基于切趾啁啾Bragg体光栅的高峰值功率脉冲压缩与展宽研究

Compact pulse stretcher and compressor with high efficiency and high damage threshold is the key to the development of high energy and peak power lasers. Chirped volume Bragg gratings (CVBGs) is a new type of stretcher and compressor and become the research hotspots at present. However, the high frequency and small amplitude oscillation in linear group delays, caused by the high-order dispersion is the bottleneck problem for development of CVBGs. In this foundation, the apodization method is proposed to suppress the high-order dispersion and optimize the diffraction characteristics of CVBGs, which can improve the time and frequency domain quality of output pluses. The coupled wave theory and matrix analysis method which is optimized by loss characteristics and non-linear refractive index coefficients is used to set up the mathematical model and design method of apodized chirped volume Bragg gratings (ACVBGs) for high energy and peak power lasers. The new methods and Technologies of nanofabrication will be explored, and new manufacturing Technology of apodized chirped volume Bragg gratings will be revealed. Combining the high energy and peak power laser system in the Laser Fusion Research Center of China Academy Of Engineering Physics, The pulse stretching and compression based on apodized chirped volume Bragg gratings will be studied in theoretical and experimental. The pulse characteristics of time domain, space domain and frequency domain in different process of stretching, amplifying and compressing will be analyzed, and the demonstration experiment will be completed. This foundation will undoubtedly open up the cross-application fields of structural functional optical elements and advanced laser technology, and expect to provide core elements and technical reserves for the development of peak and peak power lasers. These researches can provide technical support for frontier science, national defense and industry.
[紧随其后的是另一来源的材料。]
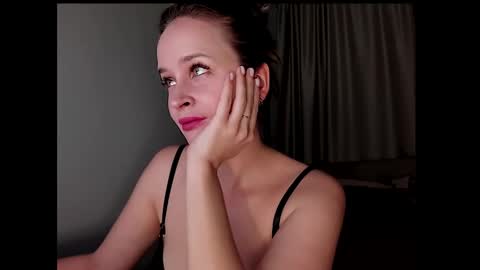 Snapshot of tony_and_alice chatting on 12, 3, 2025 Tony and Alice online show from 12, 3, 2025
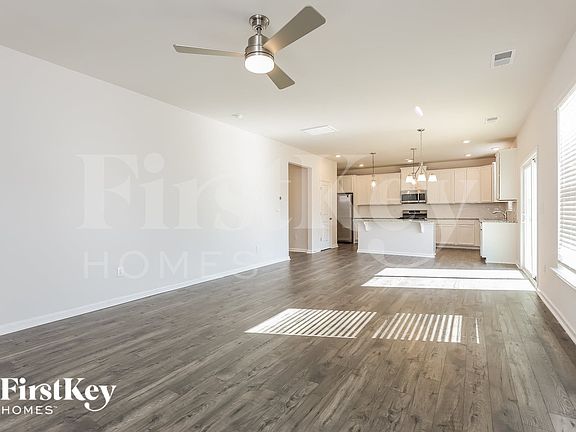 4th image of 413 Stonefence Dr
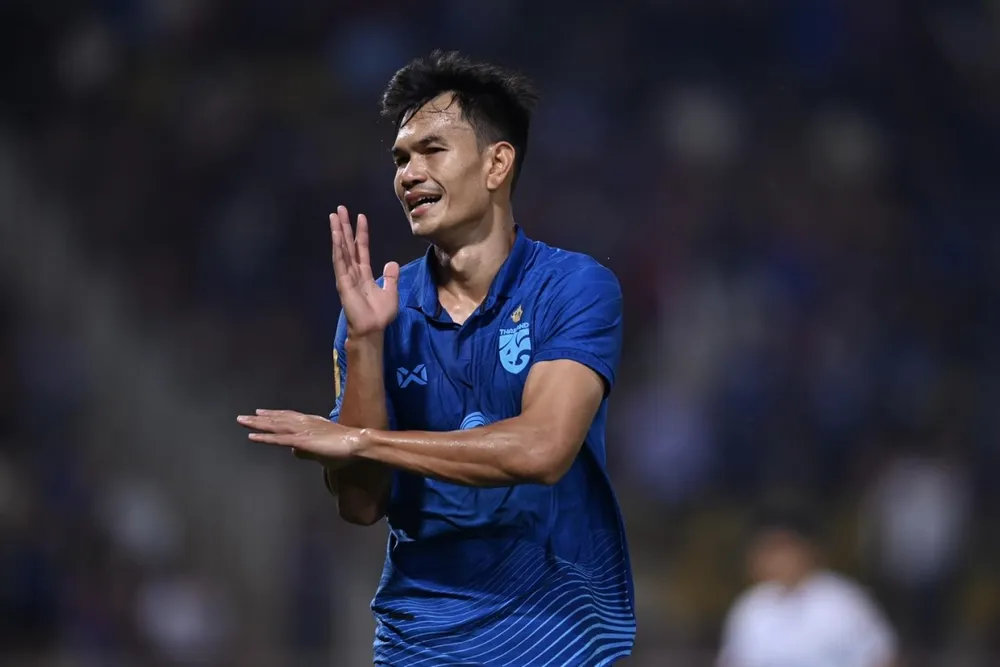 Adisak Kraisorn bỏ lỡ nhiều cơ hội, song cũng góp một bàn. Ảnh: CTP
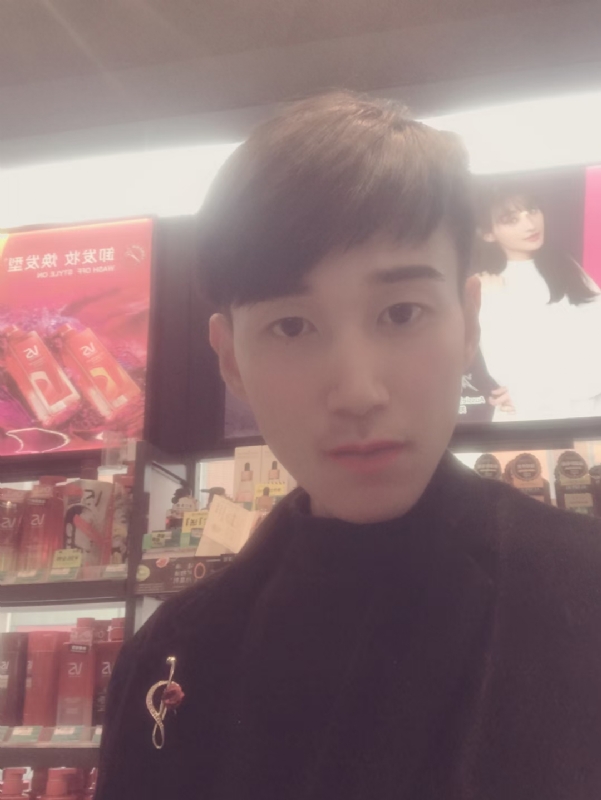 唯美的爱情故事的第一张照片--南宁相亲服务中心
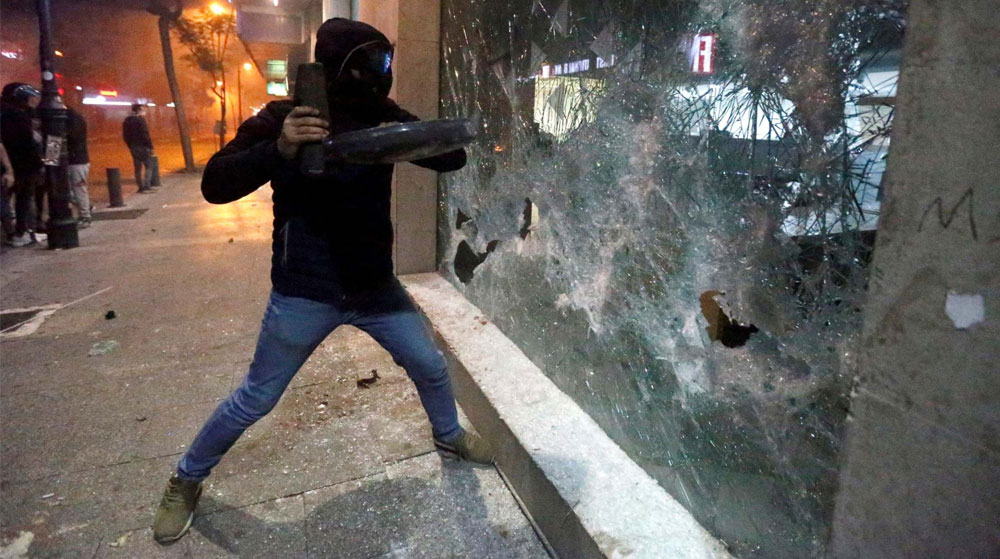 Lübnan'da Ekonomik Kriz Protestoları Sürüyor
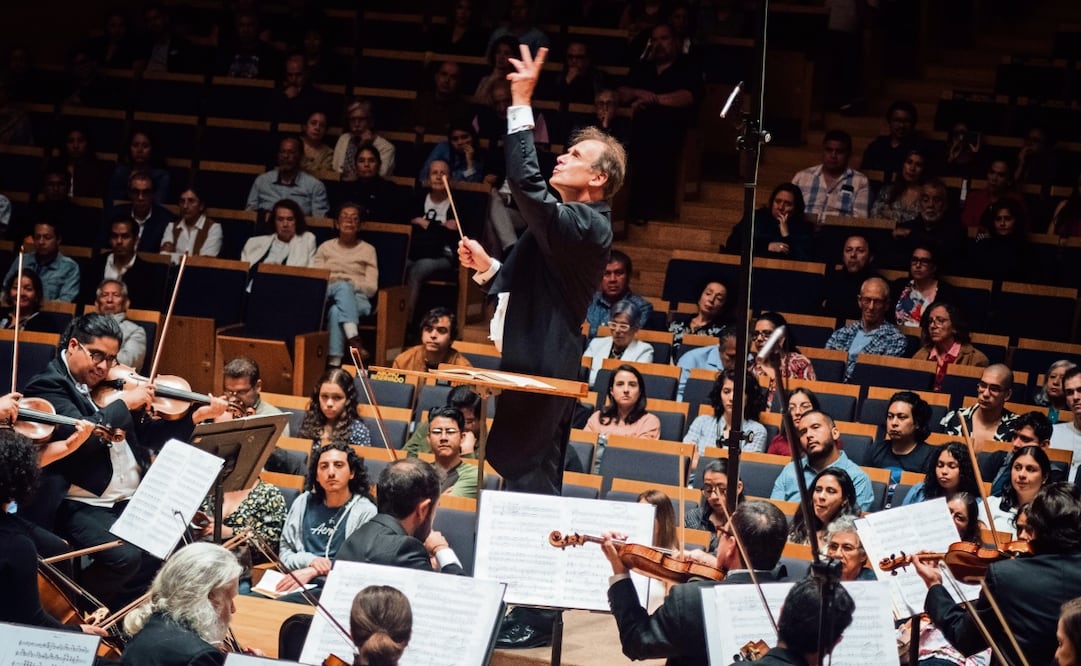 En muchas ocasiones, la Sinfónica de Xalapa presenta repertorios clásicos o de obras poco conocidas y que no son tan interpretadas. Foto: OSX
紧凑型脉冲压缩与展宽是高能高峰值功率超短脉冲激光发展的方向之一。啁啾Bragg光栅作为一种展宽与压缩器，其高阶色散引起的线性群延时中存在高频、小幅振荡一直是人们关注的问题。本项目提出一种新型切趾啁啾Bragg体光栅，用于抑制高阶色散，提升光栅衍射特性和输出脉冲时空特性；综合材料的损耗特性和非线性折射率系数，建立面向高能高峰值功率超短脉冲激光的切趾啁啾Bragg体光栅物理模型；开展切趾啁啾Bragg体光栅的制备技术与工艺研究；结合中物院激光聚变研究中心的激光系统，开展基于新器件的脉冲压缩与展宽研究，分析脉冲在展宽、放大、压缩各环节的时域、空域、频域特性，完成实验论证。本项目无疑将开拓结构功能光学器件和先进激光技术交叉应用的研究领域，有望为高峰高峰值功率激光发展提供核心器件与技术储备，为前沿科学、国防以及工业等领域的科技进步提供技术支持。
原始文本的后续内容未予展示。